Le plaisir de travailler

En lisant ce koob, vous découvrirez qu’en cette époque de chômage, de conditions de travail indécentes et de réduction du temps de travail, ce dernier est l'un des grands thèmes de l'actualité.

Vous découvrirez aussi :

- comment reconnaître un personnel impliqué ;

- que l'histoire personnelle joue pour beaucoup sur l'implication au travail ;

- que plusieurs variables influencent le niveau d'implication ;

- que l'implication du personnel n'est pas identique d'un secteur économique à l'autre.

Les très fortes tensions autour du marché du travail font que cette activité sociale apparaît souvent comme une obligation. Pourtant, le métier n'est pas toujours choisi. Dans ces conditions, l'implication de l'individu dans son travail peut s'avérer compliquée. Maurice Thévenet, professeur au CNAM et à l'ESSEC, revient sur les représentations du travail. Il analyse les mécanismes multiples de l'implication dans ce cadre. Il explicite ce qui peut, dans le fonctionnement d'une entreprise, être un frein à l'implication des personnels et propose des pistes de mise en œuvre des conditions idéales pour un investissement maximal de ces derniers.


Les chercheurs ont tenté de définir cette facette de la relation au travail qu'est l'implication

La motivation, la satisfaction et l'implication des employés interrogent depuis longtemps, car elles sont considérées comme des facteurs de performance. La motivation est le ressort intime qui pousse la personne à agir, dans le but d'obtenir quelque chose. La satisfaction désigne l'état résultant d'une expérience positive de travail. L'implication évoque la relation qui existe entre un employé et son travail ; c’est le produit de l'expérience. Cette dernière est la plus importante.

De nombreux chercheurs ont tenté de définir ce qu'est l'implication en listant ses composantes.
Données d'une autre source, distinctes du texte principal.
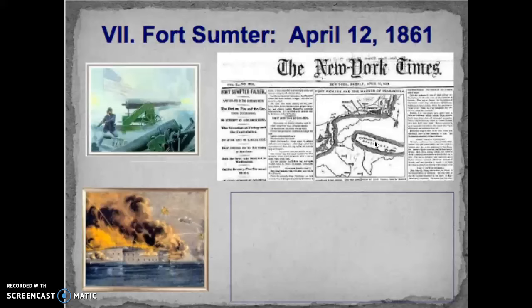The Battle of Fort Sumter lasts only 36 hours, and the South takes the fort. General P.G.T. Beauregard led the Confederate forces; Major Robert Anderson commanded the Union garrison and is forced to leave. For the North, this is both an attack on a federal fort and a military failure. Fort Sumter will remain a point of contention later when Union forces attempt to retake it.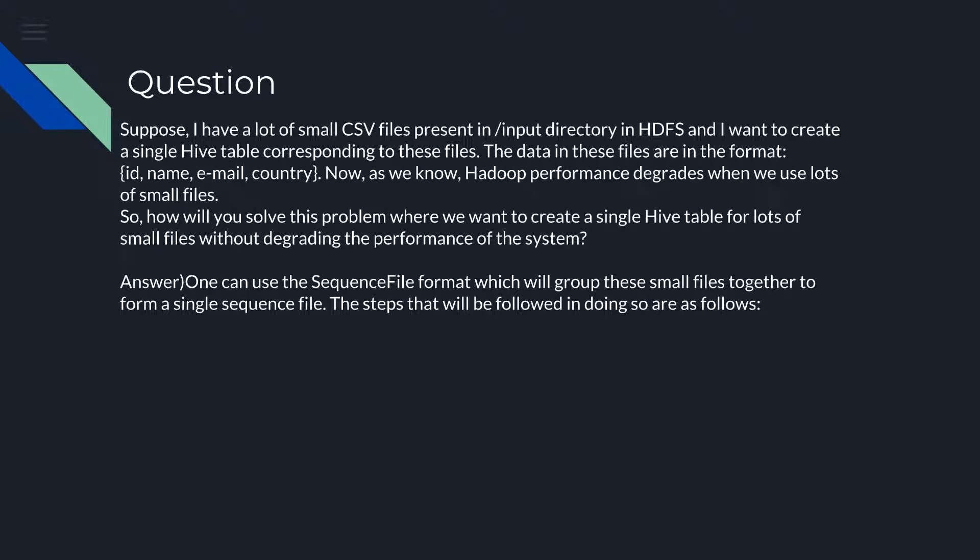One can use the SequenceFile format which will group these small files together to form a single sequence file. The steps that will be followed in doing so are as follows: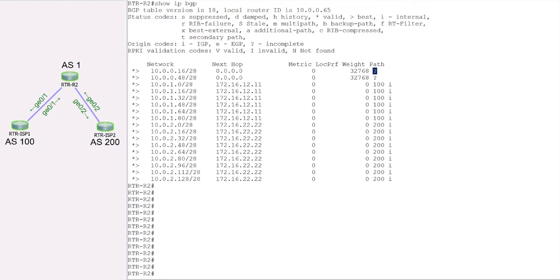We can also use route map to set other BGP attributes, like communities. We can play around with metrics, and we can also change the next hop if we desire. So we can make use of route map on router R2 to filter updates or modify attributes. The attribute we're interested in modifying is the origin code, because when we redistributed, the origin code was incomplete.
Trois semblent essentielles :

1. l’individu impliqué s'identifie à l'organisation avec laquelle il partage des valeurs et des objectifs ;

2. l’impliqué s'engage : il a la volonté d'agir pour l'organisation ;

3. il fait preuve de loyauté envers l'organisation, ce qui donne une dimension affective au processus d'implication.

Des travaux plus récents ont tenté d’approfondir l'étude de ces composantes. Selon ces recherches, l’implication s'inscrit dans deux dimensions : une dimension rationnelle (l’individu mesure objectivement son intérêt à agir pour l’entreprise) et une dimension affective (qui traduit l’attachement affectif de l’employé à son entreprise). Deux dimensions qui obéissent donc à des logiques très différentes. Il est important de ne pas négliger la dimension affective qui a une grande influence sur l’implication de l’individu dans son activité professionnelle.
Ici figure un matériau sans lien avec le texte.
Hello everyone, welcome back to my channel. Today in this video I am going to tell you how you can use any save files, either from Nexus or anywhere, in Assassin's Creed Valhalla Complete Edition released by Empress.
En résumé, l’implication est faite d’engagement et d’identification. Elle donne une idée du lien qui unit une personne à son travail, mais la nature de ce lien n'est pas prévisible. En effet, aucun CV ne permettra de prédire si le candidat sera ou ne sera pas impliqué, car l’implication est le fruit de l’expérience. Elle est le produit d'interactions multiples au sein de l'entreprise : interaction avec le travail, les tâches à réaliser, mais aussi, l’environnement physique et humain.

Même si l'implication au travail dépend de sentiments intimes, il existe des signes extérieurs permettant de la reconnaître

Selon le professeur d'économie à Stanford, Jeffrey Pfeffer, l'implication des salariés est une condition “sine qua non” de réussite pérenne d'une entreprise. Il est donc naturel que tous les managers cherchent à instaurer les conditions d'une implication maximale de leurs employés. Toutefois, instaurer l'implication suppose en premier lieu de la reconnaître. Pour cela, il faut reconnaître les signes de l’implication.

L'un des signes de l'implication est le fait d’en faire plus que ce qui est attendu par le manager. Ce surinvestissement en temps de travail et en énergie doit être spontané chez l'employé et ne pas être contraint par l'entreprise.

Un autre signe tangible est que le travail empiète sur le temps libre. Alors qu’aujourd'hui, il est souvent considéré qu'une vie réussie est une vie où temps de travail et vie personnelle coexistent harmonieusement, ce débordement sur la vie privée peut être de plusieurs natures :

1. l'employé, débordé, ne trouve pas d'autre solution pour mener à bien ses tâches que de les terminer sur son temps libre ;

2. l'investissement au travail est la compensation d'une absence d’investissement dans la vie privée, ou vice versa. L'employé effacé au travail s'investit intensément dans la vie d'une association à l'extérieur, ou au contraire, le mari peu investi dans sa vie de famille s'engage sérieusement dans sa vie professionnelle ;

3. l'individu est aussi investi dans sa vie professionnelle que dans sa vie personnelle.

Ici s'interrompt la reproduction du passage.